Still, Dixon and other security experts are calling Heartbeat a dangerous bug that system administrators need to immediately address. The OpenSSL bug has gained widespread attention for giving an attacker up to 64K of a Web server’s working memory. The chunk of random memory contains a variety of data and could include passwords, prompting a call from security experts for Internet users to change their passwords for popular websites and cloud-based services.

The flawed OpenSSL implementation also is used in many network security products, including security appliances, and routers and switches. The manufacturers of the products are issuing updates to repair the flaw, but the flaw is typically in management consoles that are not Internet-facing, Dixon said. Some devices also carry and maintain much less information in memory, he said.

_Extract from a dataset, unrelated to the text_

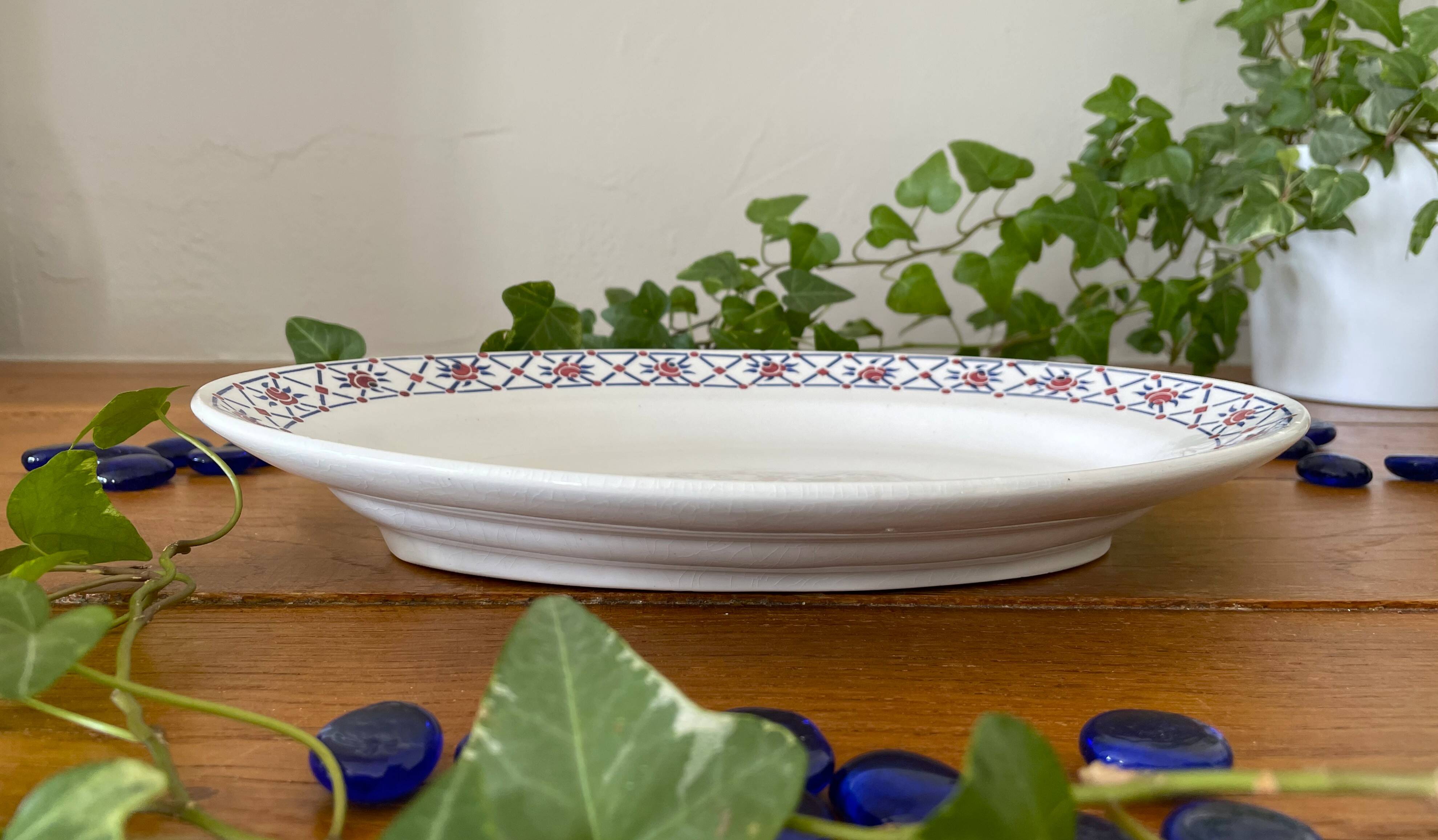 Antique serving dish in Saint-Amand earthenware (Nord)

"From my experience in performing pen tests and vulnerability assessments, it is common to see a lot of third-party patches that are behind on this underlying infrastructure, and being behind in patching may have helped some companies in this case," Dixon said.

Security experts are far more concerned about the private server certificate keys, calling on system administrators to deploy the OpenSSL patch and go through the process of revoking and reissuing server certificates. The two popular open-source Web servers, Nginx and Apache, are said to support hundreds of thousands of websites and services.

CloudFlare said it was among a group of companies that received early warning about the vulnerability, giving it time to patch its systems before the public patch release last week. Akamai Technologies used a custom memory allocation scheme to reduce the likelihood that private keys would be exposed, but the firm said it still is rotating its customer SSL keys as a precaution. The company's custom update wasn't 100 percent foolproof, said Andy Ellis, chief security officer at Akamai, in a blog post.

"While we believe that the likelihood of compromise is vanishingly small, and the number of exposed certificates tiny, we cannot rule out that it could have happened," Ellis wrote. "We will therefore proceed with rotating customer SSL keys that had even this marginal elevation in risk."

Meanwhile, the National Security Agency has issued a flat denial that it knew about the OpenSSL flaw and used it to support its surveillance activities. A Bloomberg report on Friday cited two unidentified sources that said the NSA exploited the flaw over the last two years.

"Reports that NSA or any other part of the government were aware of the so-called Heartbleed vulnerability before April 2014 are wrong. The Federal government was not aware of the recently identified vulnerability in OpenSSL until it was made public in a private sector cybersecurity report," according to a statement issued late Friday by the Office of the Director of National Intelligence.